Today was one of the cases where it was really super nice.

At 8:30 am we gathered at a bus stop close to the MRT next to the office from where we were taken to a place at East Coast Park. There was breakfast (well: what Asians call breakfast – so more like an early lunch), then there were some announcements and business updates and then we got into the activities.

This time it was pottery. Hum – or let’s say a kind of pottery where you do not work with that spinning disc but more like a toddler with play-do. Still very nice and our team had lots of fun to make this – erg – amazing piece of art:

Don’t make fun of it…

Lamia: This looks like something I made for my mom when I was 8!

I said: don’t make fun of it!
I presented this sculpture with a mesmerizing story and we got a lot of serious pitying kudos. The guys who guided us will put our works in an oven and later paint them for us. If everything goes well we should see them again in 3-4 weeks.

Then there was lunch and after that I went outside and… man, I had this epiphany: sometimes I’m so much distracted by so many things that I simply forget I am sitting on an island in the tropics.

How cool is it to be in Singapore! Really!
Next, the whole department took a group photo in front of this boat (I hope I’ll get the photo later and I hope I can share this here, too):

And then we formed new groups and everybody did an “Amazing Race” game. In German we would call that “Schnitzeljagd”, so it was sort of a scavenger hunt. Anyway – it was quite nice. My team’s first mission: find a guy who is willing to take off his shirt and take a photo with him.

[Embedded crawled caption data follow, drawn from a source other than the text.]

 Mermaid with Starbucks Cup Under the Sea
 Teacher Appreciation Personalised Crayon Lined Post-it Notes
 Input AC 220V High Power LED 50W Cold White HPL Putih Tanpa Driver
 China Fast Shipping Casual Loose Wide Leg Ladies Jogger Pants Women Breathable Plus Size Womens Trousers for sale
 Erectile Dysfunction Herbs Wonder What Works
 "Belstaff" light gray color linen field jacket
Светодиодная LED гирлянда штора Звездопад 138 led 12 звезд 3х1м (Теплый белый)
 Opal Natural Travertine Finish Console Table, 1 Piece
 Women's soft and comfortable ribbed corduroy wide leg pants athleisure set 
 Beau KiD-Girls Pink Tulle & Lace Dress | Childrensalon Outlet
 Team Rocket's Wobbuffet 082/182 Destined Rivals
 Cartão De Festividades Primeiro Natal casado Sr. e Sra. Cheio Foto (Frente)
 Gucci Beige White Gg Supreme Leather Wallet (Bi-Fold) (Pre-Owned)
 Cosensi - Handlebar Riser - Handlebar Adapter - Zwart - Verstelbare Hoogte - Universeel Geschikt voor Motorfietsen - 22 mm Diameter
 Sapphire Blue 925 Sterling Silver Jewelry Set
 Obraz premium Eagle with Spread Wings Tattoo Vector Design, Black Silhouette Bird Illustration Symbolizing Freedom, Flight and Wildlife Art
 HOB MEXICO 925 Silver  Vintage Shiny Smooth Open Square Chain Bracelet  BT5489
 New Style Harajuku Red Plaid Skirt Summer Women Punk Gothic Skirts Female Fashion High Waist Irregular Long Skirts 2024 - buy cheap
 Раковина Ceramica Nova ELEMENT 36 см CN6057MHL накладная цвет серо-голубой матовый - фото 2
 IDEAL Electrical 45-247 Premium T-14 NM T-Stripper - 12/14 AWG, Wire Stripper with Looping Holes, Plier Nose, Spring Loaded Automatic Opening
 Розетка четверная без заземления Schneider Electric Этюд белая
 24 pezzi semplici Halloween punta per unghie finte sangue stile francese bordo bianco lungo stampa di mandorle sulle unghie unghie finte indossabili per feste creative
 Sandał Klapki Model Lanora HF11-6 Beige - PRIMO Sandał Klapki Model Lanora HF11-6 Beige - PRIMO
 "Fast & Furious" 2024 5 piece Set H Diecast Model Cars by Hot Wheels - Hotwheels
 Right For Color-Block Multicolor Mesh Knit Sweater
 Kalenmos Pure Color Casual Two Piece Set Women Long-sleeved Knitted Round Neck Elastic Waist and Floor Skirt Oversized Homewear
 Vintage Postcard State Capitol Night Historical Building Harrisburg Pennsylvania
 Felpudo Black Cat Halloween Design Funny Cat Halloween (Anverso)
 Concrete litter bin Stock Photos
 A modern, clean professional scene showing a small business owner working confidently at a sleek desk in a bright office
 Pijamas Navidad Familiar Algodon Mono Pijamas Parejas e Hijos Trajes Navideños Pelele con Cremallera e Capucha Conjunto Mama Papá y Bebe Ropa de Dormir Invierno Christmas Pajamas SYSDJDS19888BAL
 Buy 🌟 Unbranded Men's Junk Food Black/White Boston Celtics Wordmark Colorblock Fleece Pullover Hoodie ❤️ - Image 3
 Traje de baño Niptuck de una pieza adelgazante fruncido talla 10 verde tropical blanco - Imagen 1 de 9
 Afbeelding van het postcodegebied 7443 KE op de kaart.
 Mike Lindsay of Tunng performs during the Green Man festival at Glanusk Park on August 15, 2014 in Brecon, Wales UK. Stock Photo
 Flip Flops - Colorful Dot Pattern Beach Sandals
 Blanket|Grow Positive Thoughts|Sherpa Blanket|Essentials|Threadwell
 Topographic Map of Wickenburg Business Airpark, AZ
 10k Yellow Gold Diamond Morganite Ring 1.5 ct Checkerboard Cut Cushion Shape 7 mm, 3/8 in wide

Boy, did we deliver on that…

After that we had to collect bikes but only got them by finishing some ice cream (check!) and also completing walking on some terrible reflexology stone path (the f***!). Then we raced the bikes to a skate park to complete some physical challenges, then we went to another location along the East Coast Park where we had to collect a bunch of items and take another group photo:

Next station was a bloody difficult group challenge on a nearby jetty (you know, numbers on the floor which had to be stepped on in sequence with everybody holding hands doing it – aargh!) and then we were on our way to the final station which was a BBQ pit.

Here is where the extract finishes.